Use additionalProperties: false in strict schemas to reject objects with unexpected keys. This prevents clients from sending extra fields that might be misinterpreted by future versions of your API, and helps catch typos in field names during development.

Common Schema Keywords

  • type — Specifies the data type: string, number, integer, object, array, boolean, or null
  • properties — Defines the expected properties of an object and the sub-schema each must satisfy
  • required — Lists property names that must be present in the object
  • enum — Restricts a value to a fixed set of allowed options
  • pattern — Validates a string against a regular expression (e.g., email format, UUID format)
  • minimum / maximum — Sets inclusive numeric bounds; use exclusiveMinimum / exclusiveMaximum for exclusive bounds
  • minLength / maxLength — Constrains the length of a string
  • items — Describes the schema that every element in an array must satisfy
  • additionalProperties — Controls whether properties not listed in properties are allowed
  • if / then / else — Applies conditional validation depending on whether the if schema validates

Related Tools and Guides

FAQ

What JSON Schema drafts are supported?

The validator uses Ajv which supports Draft-07 by default, the most widely used JSON Schema specification. Draft-07 introduced if/then/else conditional validation and is the version embedded in OpenAPI 3.0.

Is my data safe?

Yes. All validation happens in your browser using the Ajv library compiled to JavaScript. No schema or data is sent to any server.

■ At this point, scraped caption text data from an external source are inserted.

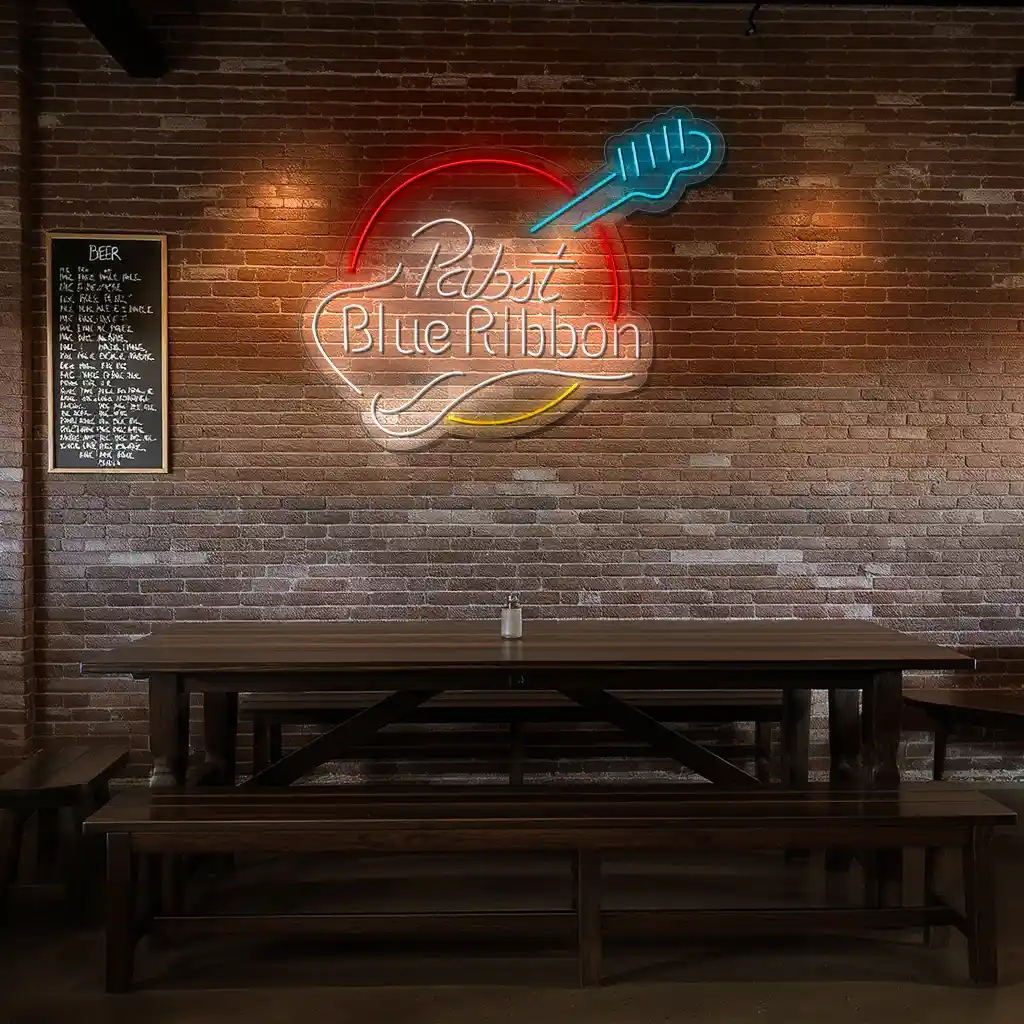retro neon sign design vibrant pabst blue ribbon style 7 retro neon sign design vibrant pabst blue ribbon style 7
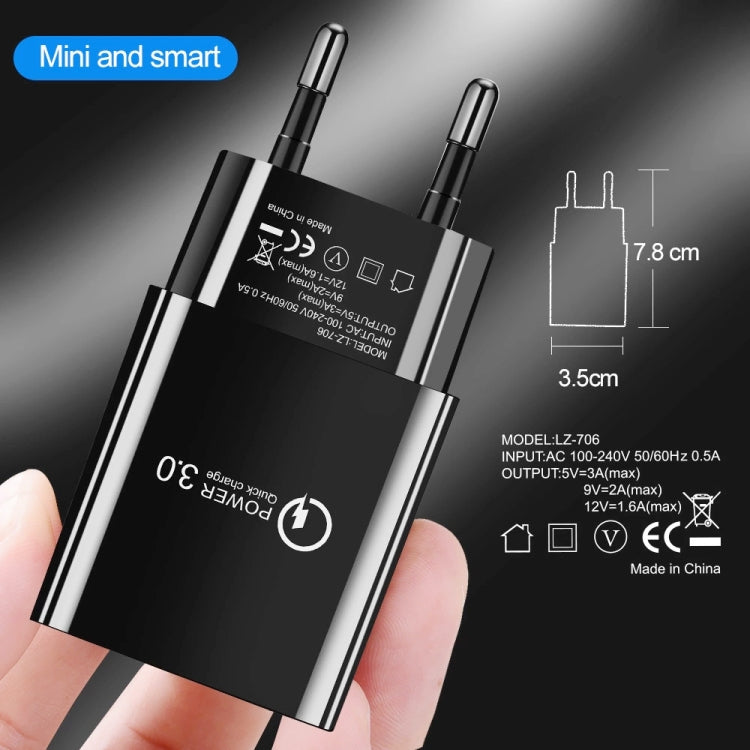 Mini QC3.0 USB 18W Mobile Phone Tablet Universal Fast Charger, EU Plug(Black) - USB Charger by buy2fix | Online Shopping UK | buy2fix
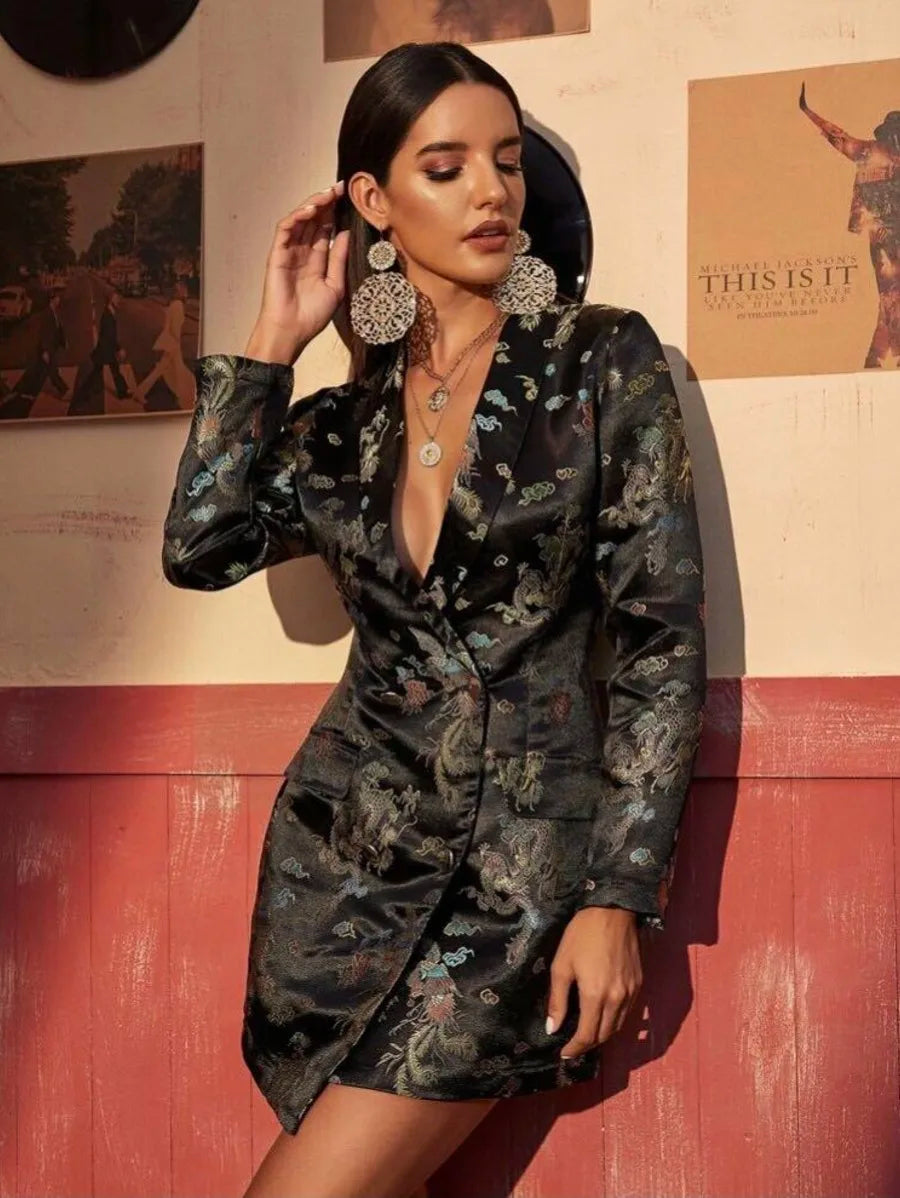 Dragon Jaquard Shawl Collar Blazer Dress Periwinkley Shop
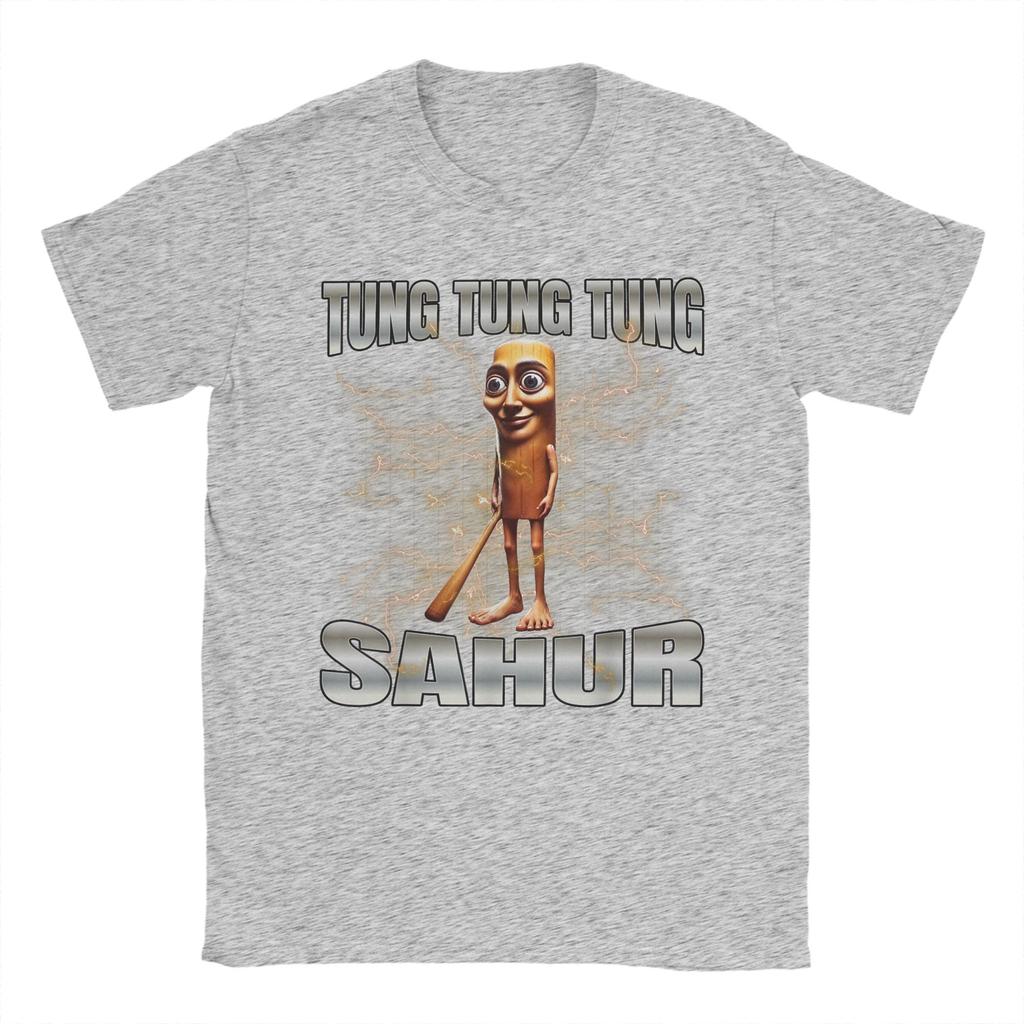 Vintage Tung Tung Tung Sahur Italian Brainrot Meme T-Shirts Men Round Collar Pure Cotton T Shirts Short Sleeve Tees Clothing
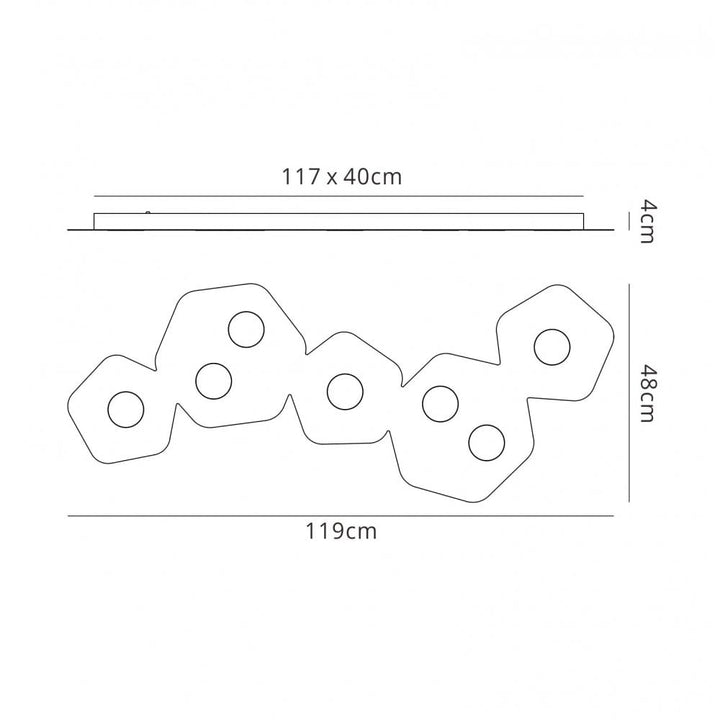 Mantra M6640 Area Linear Ceiling 7 Light Sand White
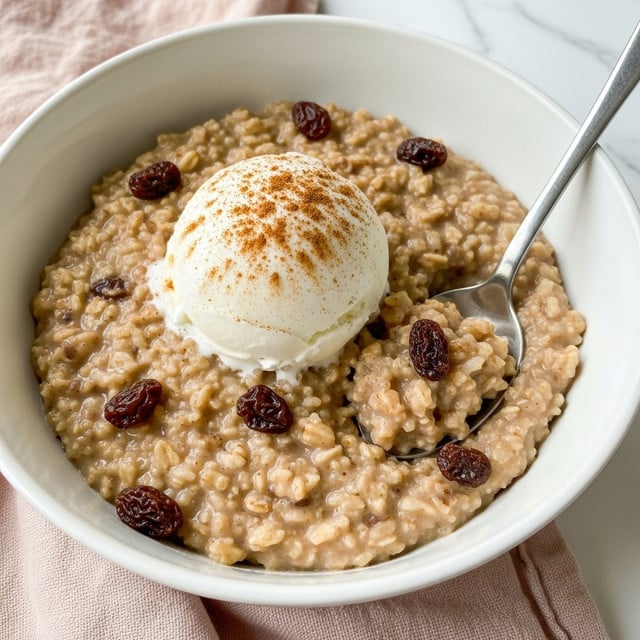 A white bowl holds a creamy beige oatmeal with visible dark brown raisins mixed throughout, creating a thick texture with small chunks and grains. On top of the oatmeal, there is a large smooth scoop of white ice cream placed slightly off center, sprinkled lightly with cinnamon powder. A silver spoon is dipped into the oatmeal on the right side of the bowl, showing the creamy mixture and raisins. The bowl sits on a soft, light pink fabric, and the background is a white marbled texture. photo taken with an iphone --ar 4:5 --v 7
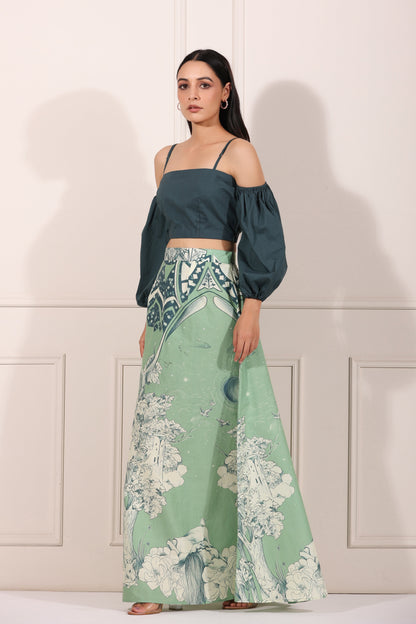 Green Co-ord Set at Kamakhyaa by MOH-The Eternal Dhaga. This item is 100% pure cotton, Cotton, Green, Moh-The eternal Dhaga, Natural, Party Wear, Party Wear Co-ords, Prints, Regular Fit, Womenswear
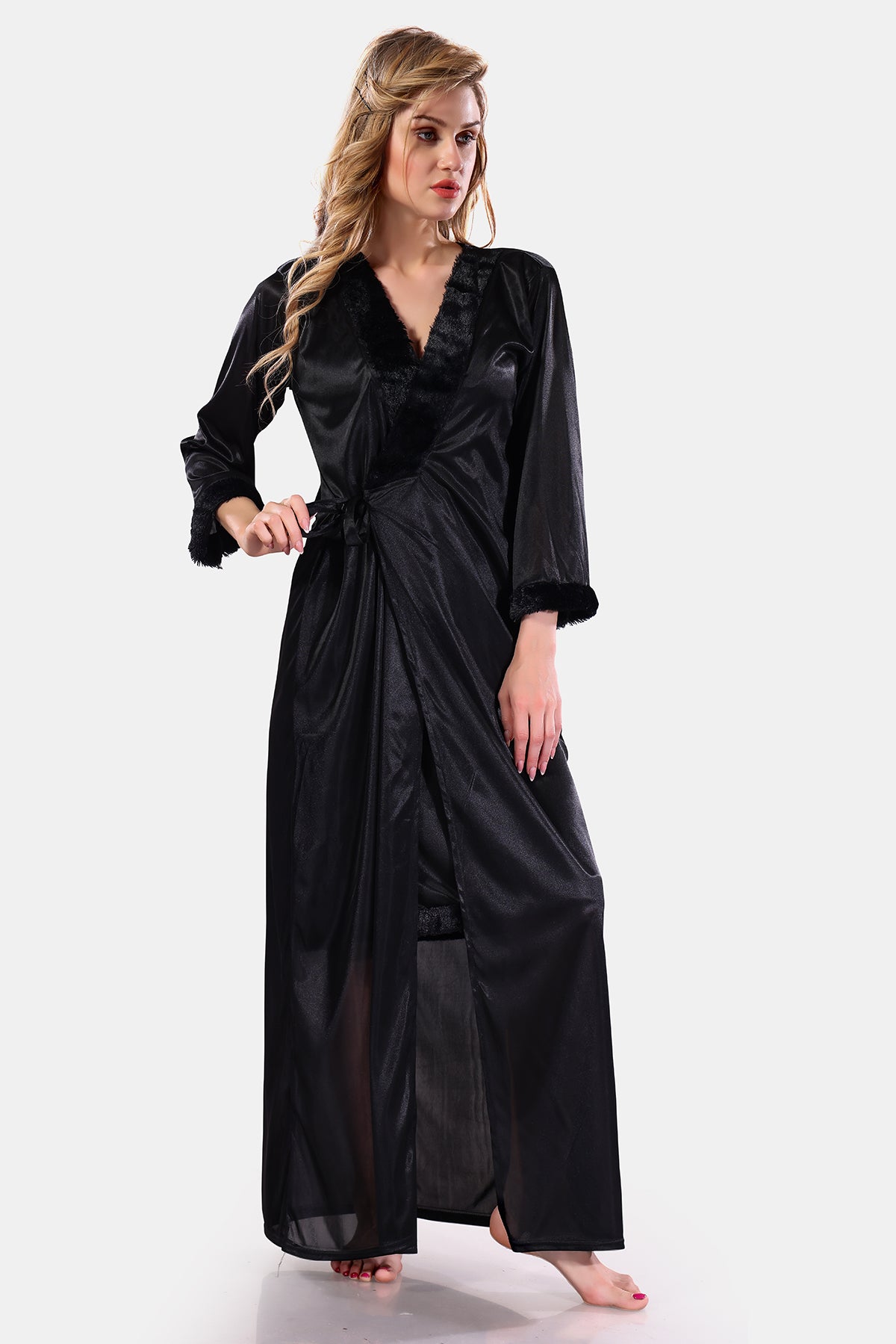Black Satin Robe for Women 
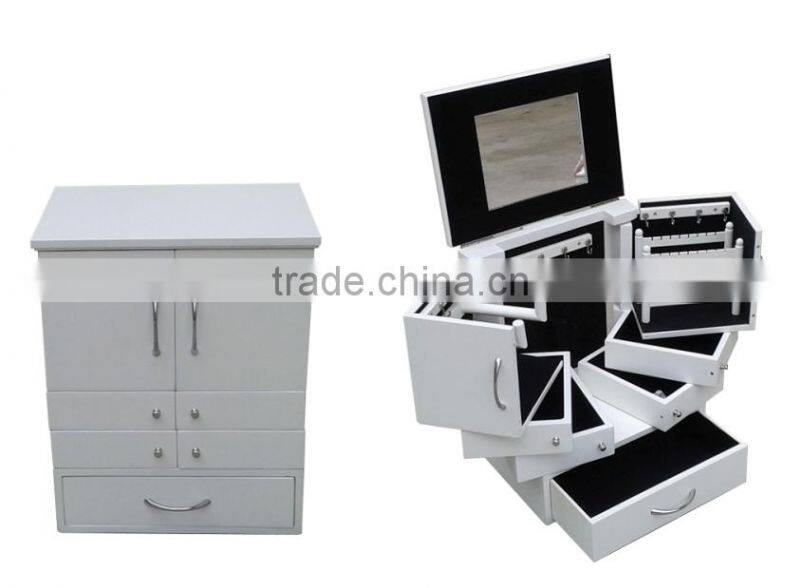 wooden makeup case with dressing mirror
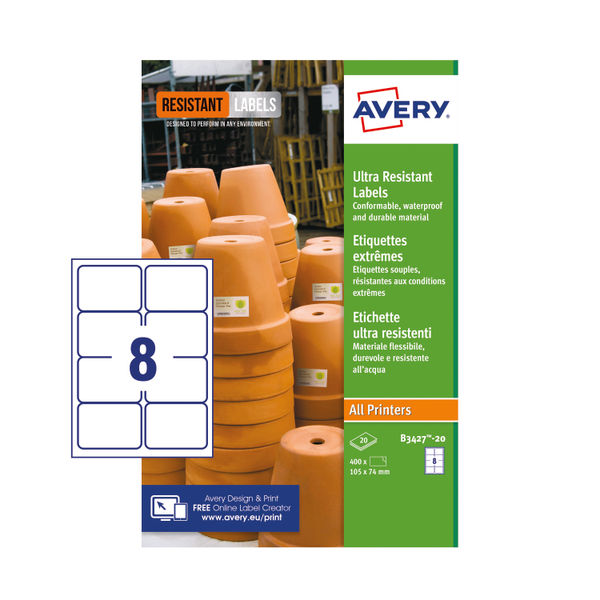 Avery Ultra Resistant Labels 74x105mm (160 Pack) B3427-20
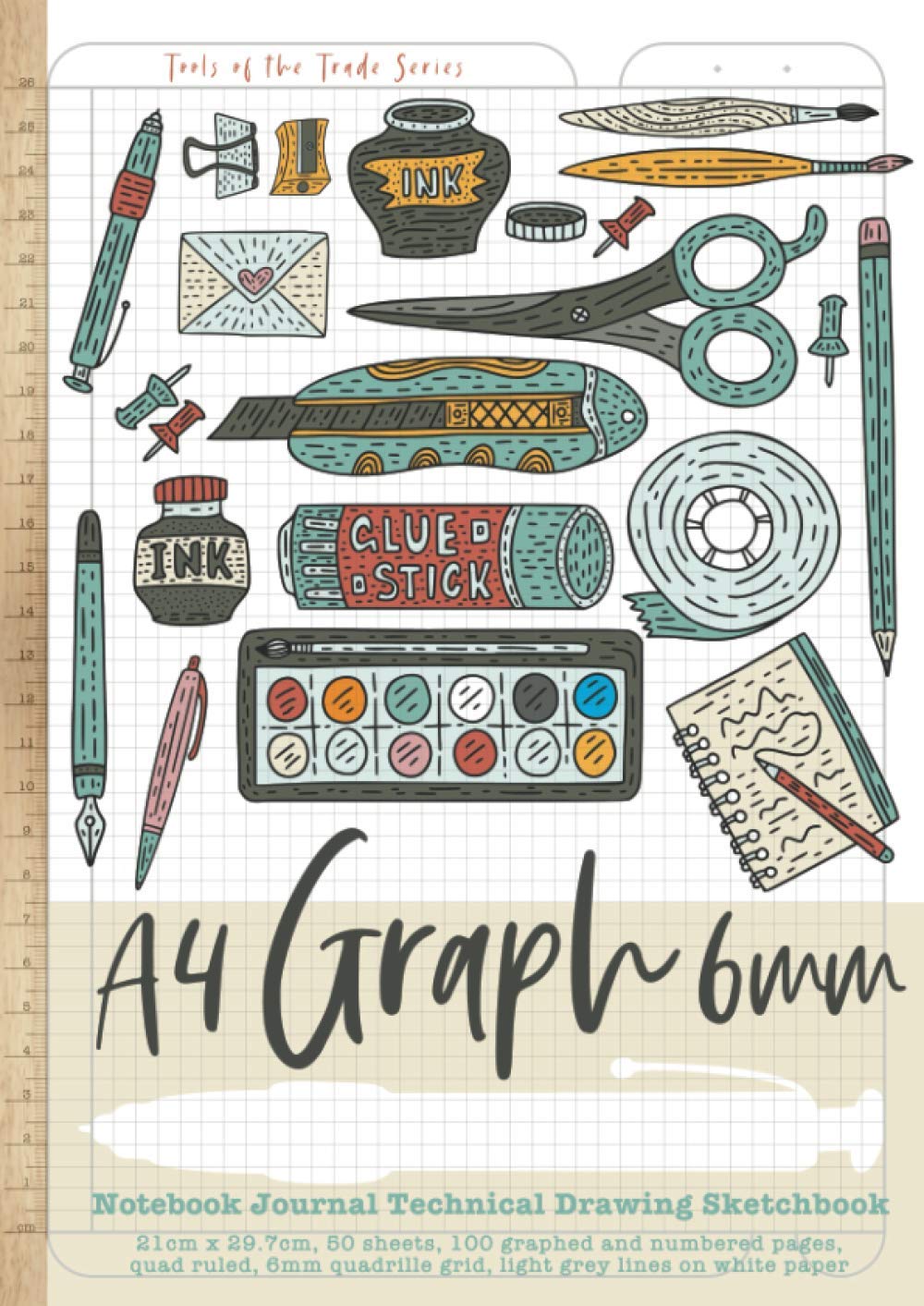 6mm Graph Paper Quad Ruled A4 Notebook Journal/ Technical Drawing Sketchbook: for Mathematics Science Biology Chemistry Physics Lab Statistics ... light grey lines (Tools of the Trade Series)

What happens if my JSON is invalid?

You will see detailed error messages showing the exact data path, the validation keyword that failed, and a human-readable description of the issue — for example, "must be string" or "must have required property 'id'".

Can I use $ref in my schema?

Local $ref references within the same schema document are fully supported — use $defs or definitions to define reusable sub-schemas. External $ref URLs pointing to remote schemas are not fetched for security reasons.

Can I validate arrays of objects?

Yes. Use the items keyword to specify the schema each array element must conform to. Combine it with minItems and maxItems to enforce length constraints, or with uniqueItems: true to disallow duplicate values.

How do I mark a field as required?

Add the field name to the required array at the same object level as your properties keyword. For example: "required": ["id", "name"]. Any property not listed in required is optional by default — JSON Schema does not make assumptions about which fields are mandatory.